## Task goal
Nothing but the lines below from the first through the one with "ABIN6266269 and ABIN6277402" should appear, printed exactly; please leave pictures out.
┏━━
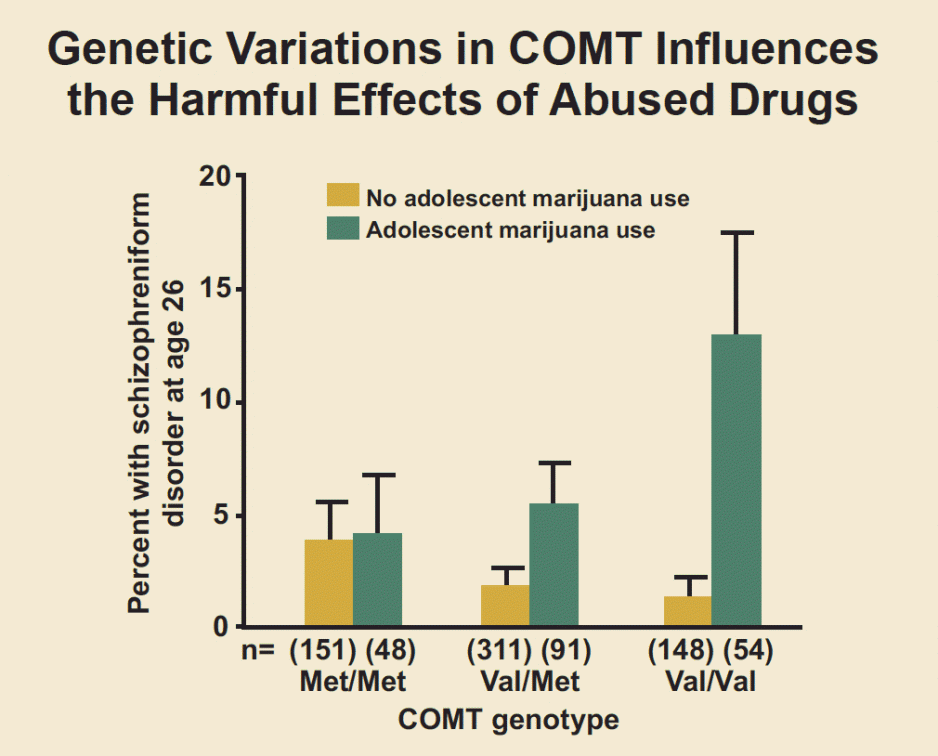 Bar graph comparing AKT1 gene variants and their carriers' risk for psychosis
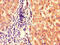 Bardet-Biedl Syndrome 1 antibody, CSB-PA836736LA01HU, Cusabio, Immunohistochemistry frozen image 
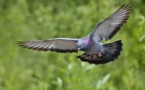 Las palomas diferencian tumores benignos y malignos en imágenes biomédicas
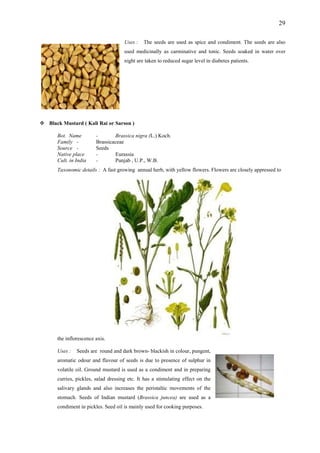 29
Uses : The seeds are used as spice and condiment. The seeds are also
used medicinally as carminative and tonic. Seeds soaked in water over
night are taken to reduced sugar level in diabetes patients.
Black Mustard ( Kali Rai or Sarson )
Bot. Name - Brassica nigra (L.) Koch.
Family - Brassicaceae
Source - Seeds
Native place - Eurassia
Cult. in India - Punjab , U.P., W.B.
Taxonomic details : A fast growing annual herb, with yellow flowers. Flowers are closely appressed to
the inflorescence axis.
Uses : Seeds are round and dark brown- blackish in colour, pungent,
aromatic odour and flavour of seeds is due to presence of sulphur in
volatile oil. Ground mustard is used as a condiment and in preparing
curries, pickles, salad dressing etc. It has a stimulating effect on the
salivary glands and also increases the peristaltic movements of the
stomach. Seeds of Indian mustard (Brassica juncea) are used as a
condiment in pickles. Seed oil is mainly used for cooking purposes.
 
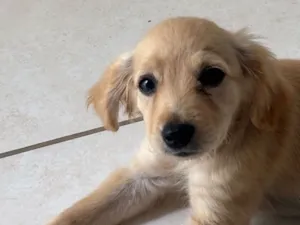 Cachorro raça SRD-ViraLata idade 2 a 6 meses nome Thaynara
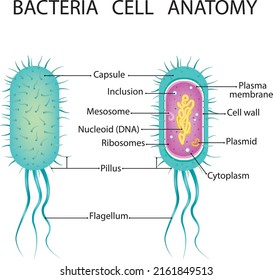 Bacteria Cell Structure Vector Illustration Isolated On White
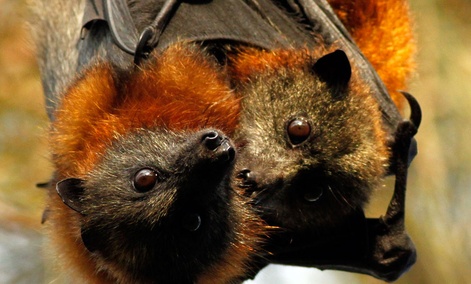 Fruit bats like these are involved in the spread of the Ebola virus. Fruit bats like these are involved in the spread of the Ebola virus.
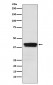 MBNL1 Antibody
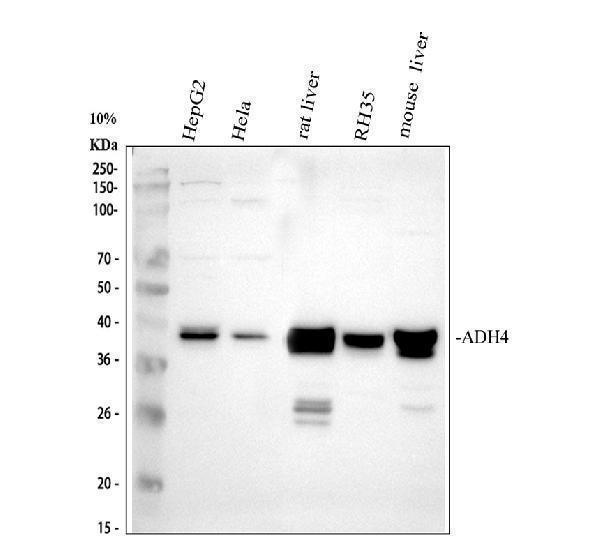 Western blot analysis of PADH4 using anti-ADH4 antibody (PB10030)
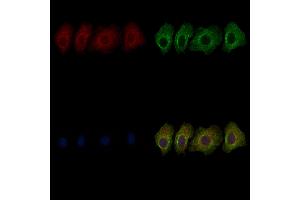 ABIN6266269 and ABIN6277402 staining HepG2 cells by IF/ICC.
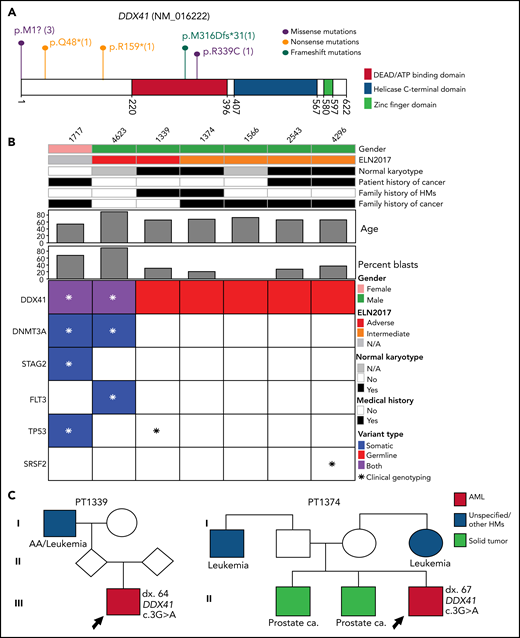 The pathogenic and likely pathogenic germline variants identified in DDX41. (A) Location of DDX41 P/LP variants, with the number of unique patients shown in parentheses. (B) Co-occurring somatic mutations as determined by clinical panel (*) and/or whole-exome sequencing (colored squares) for the patients with P/LP germline variants in DDX41. (C) Pedigree of 2 families with history of hematological malignancies and a P/LP germline variant identified in the DDX41 gene in the proband. The number designated by “dx.” indicates the age at diagnosis. The age at diagnosis is unknown for individuals if not indicated in the pedigree.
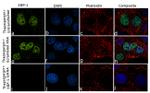 XBP1 Antibody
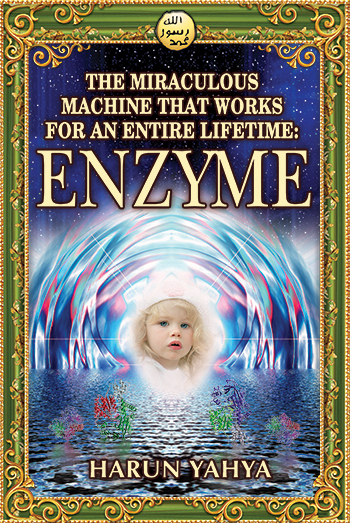 The Miraculous Machine That Works For An Entire Lifetime: Enzyme - URDU LANGUAGE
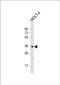 Glycosyltransferase 6 Domain Containing 1 antibody, PA5-72321, Invitrogen Antibodies, Western Blot image 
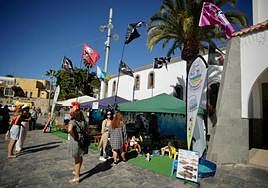 Imágenes de la Feria del Atún y el Mar del municipio sureño de Mogán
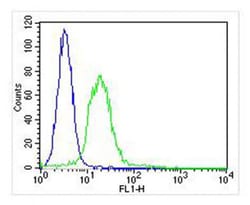 Invitrogen ITGA7 Polyclonal Antibody 400 &mu;L; Unconjugated:Antibodies,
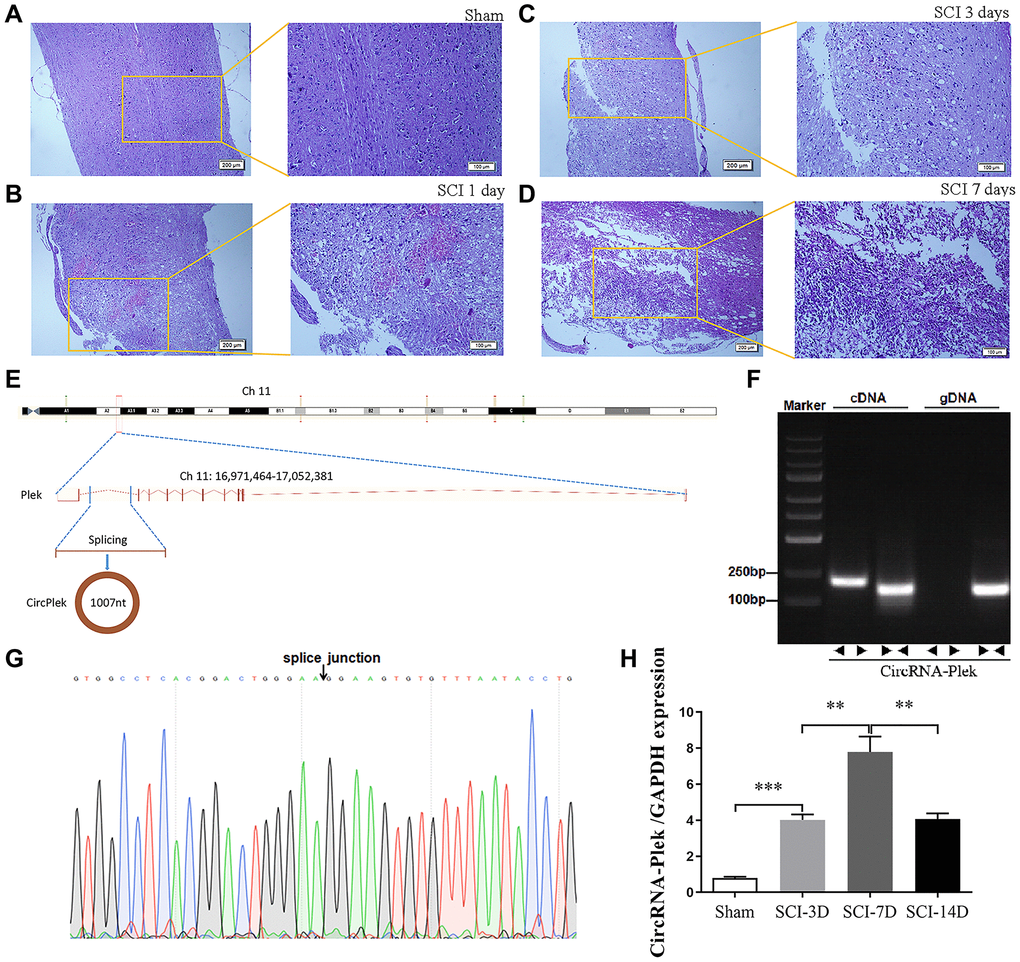 CircPlek is upregulated in the spinal tissues after SCI. (A–D) Animal models and sequencing processes, hematoxylin and eosin staining of spinal cord samples. Sham group (A), 1 day (B), 3 days (C), and 7 days (D) after spinal cord injury (SCI). (E) The schematic diagram indicates the genomic loci of the Plek gene and CircPlek. (Ch11:16971464–17052381). (F) CircPlek was validated in spinal tissues using RT-PCR. CircPlek could be amplified by convergent primers from both cDNA and gDNA. Divergent primers amplified CircPlek in cDNA but not gDNA. (G) The sequencing of PCR products obtained using divergent primers for CircPlek confirmed the head-to-tail junction point. (H) The relative expression of CircPlek was measured in spinal tissues on days 3, 7, and 14 post-SCI. Data are expressed as means ± standard deviations. **p ***p 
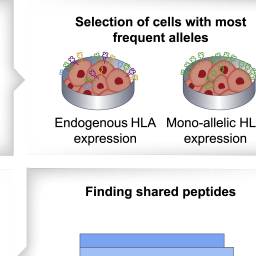 Bar chart showing viral peptide length distribution from an immunopeptidomics study for SARS-CoV-2 T cell epitope mapping.
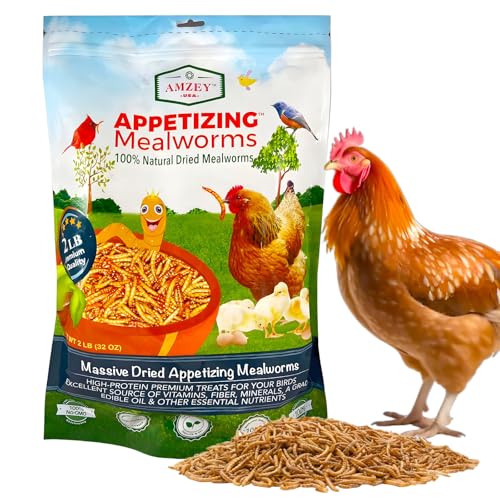 Amzey Dried Mealworms 2 LB, 100% Natural Meal Worms for Chicken & Birds, Organic Chicken Feed for Laying Hens, High Protein and Nutrition, Zipped Bag - size: 2 Pound (Pack of 1)
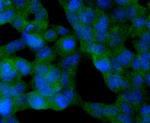 SIRT2 Antibody in Immunocytochemistry (ICC/IF)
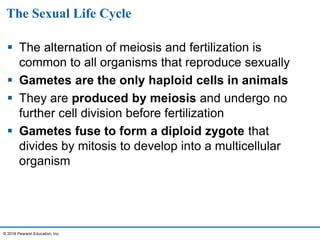 The Sexual Life Cycle
 The alternation of meiosis and fertilization is
common to all organisms that reproduce sexually
 Gametes are the only haploid cells in animals
 They are produced by meiosis and undergo no
further cell division before fertilization
 Gametes fuse to form a diploid zygote that
divides by mitosis to develop into a multicellular
organism
© 2016 Pearson Education, Inc.
 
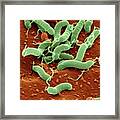 Helicobacter Pylori Bacteria #2 Framed Print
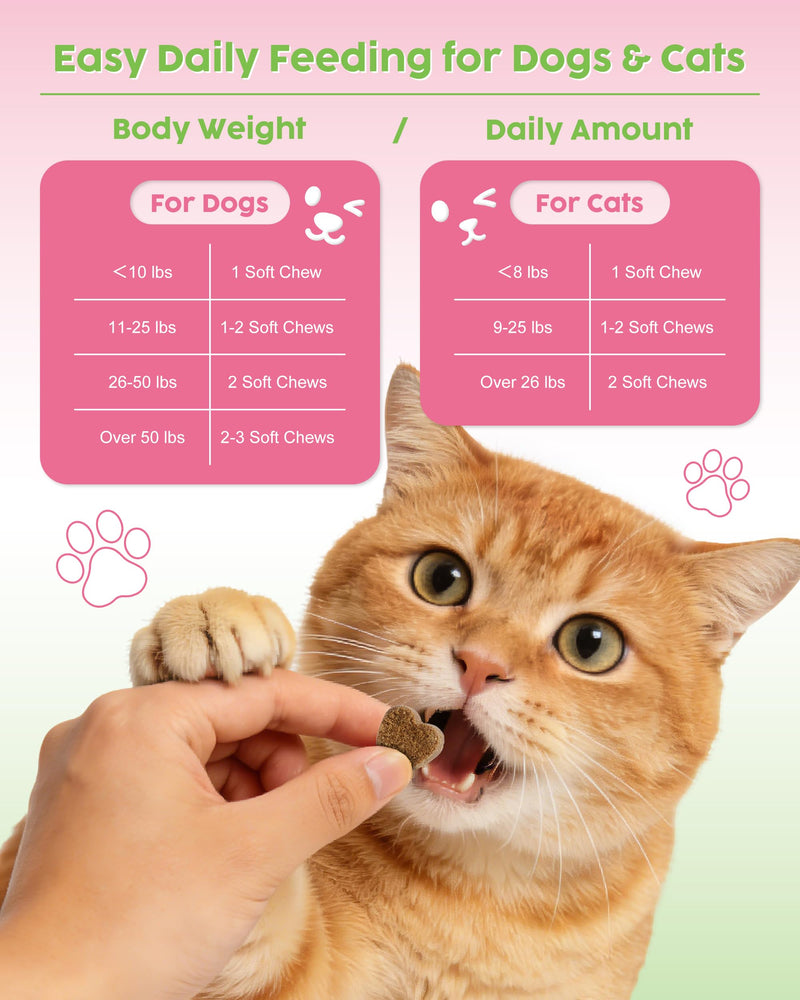 Probiotics for Dogs & Cats - 600M CFU Multi-Strain Formula with Prebiotics & Digestive Enzymes - Supports Gut Health, Digestion & Immune Function - 60 Soft Chews (Chicken Flavor)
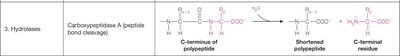 Carboxypeptidase A catalyzed peptide bond cleavage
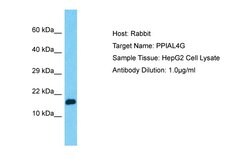 PPIAL4G Polyclonal Antibody:Antibodies, Polyclonal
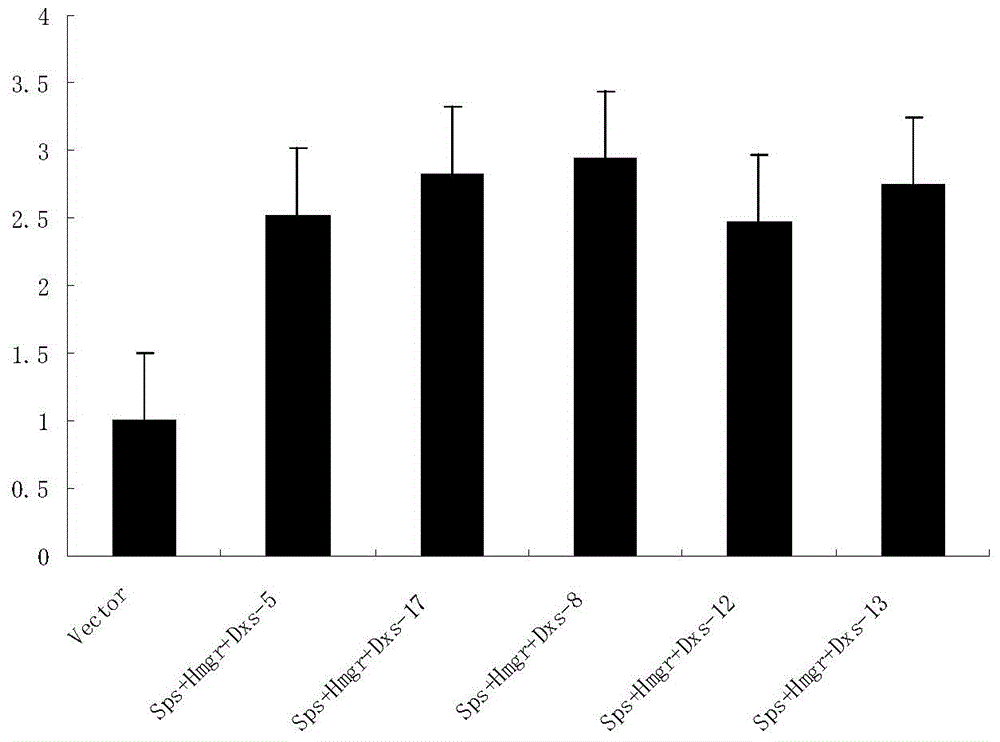 Method for cultivating sweet wormwood herb with high artemisinin content in flower buds by co-transforming Sps, Hmgr and Dxs genes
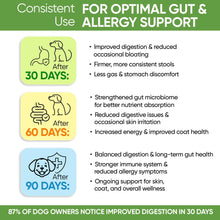 Load image into Gallery viewer, Probiotics Treats for Dogs - Digestive Enzymes - Gut Flora Digestive Health Immune Support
┗━━
## Solution to the exercise
 Bar graph comparing AKT1 gene variants and their carriers' risk for psychosis
 Bardet-Biedl Syndrome 1 antibody, CSB-PA836736LA01HU, Cusabio, Immunohistochemistry frozen image 
 Las palomas diferencian tumores benignos y malignos en imágenes biomédicas
 29
Uses : The seeds are used as spice and condiment. The seeds are also
used medicinally as carminative and tonic. Seeds soaked in water over
night are taken to reduced sugar level in diabetes patients.
Black Mustard ( Kali Rai or Sarson )
Bot. Name - Brassica nigra (L.) Koch.
Family - Brassicaceae
Source - Seeds
Native place - Eurassia
Cult. in India - Punjab , U.P., W.B.
Taxonomic details : A fast growing annual herb, with yellow flowers. Flowers are closely appressed to
the inflorescence axis.
Uses : Seeds are round and dark brown- blackish in colour, pungent,
aromatic odour and flavour of seeds is due to presence of sulphur in
volatile oil. Ground mustard is used as a condiment and in preparing
curries, pickles, salad dressing etc. It has a stimulating effect on the
salivary glands and also increases the peristaltic movements of the
stomach. Seeds of Indian mustard (Brassica juncea) are used as a
condiment in pickles. Seed oil is mainly used for cooking purposes.
 
 Cachorro raça SRD-ViraLata idade 2 a 6 meses nome Thaynara
 Bacteria Cell Structure Vector Illustration Isolated On White
 Fruit bats like these are involved in the spread of the Ebola virus. Fruit bats like these are involved in the spread of the Ebola virus.
 MBNL1 Antibody
 Western blot analysis of PADH4 using anti-ADH4 antibody (PB10030)
 ABIN6266269 and ABIN6277402 staining HepG2 cells by IF/ICC.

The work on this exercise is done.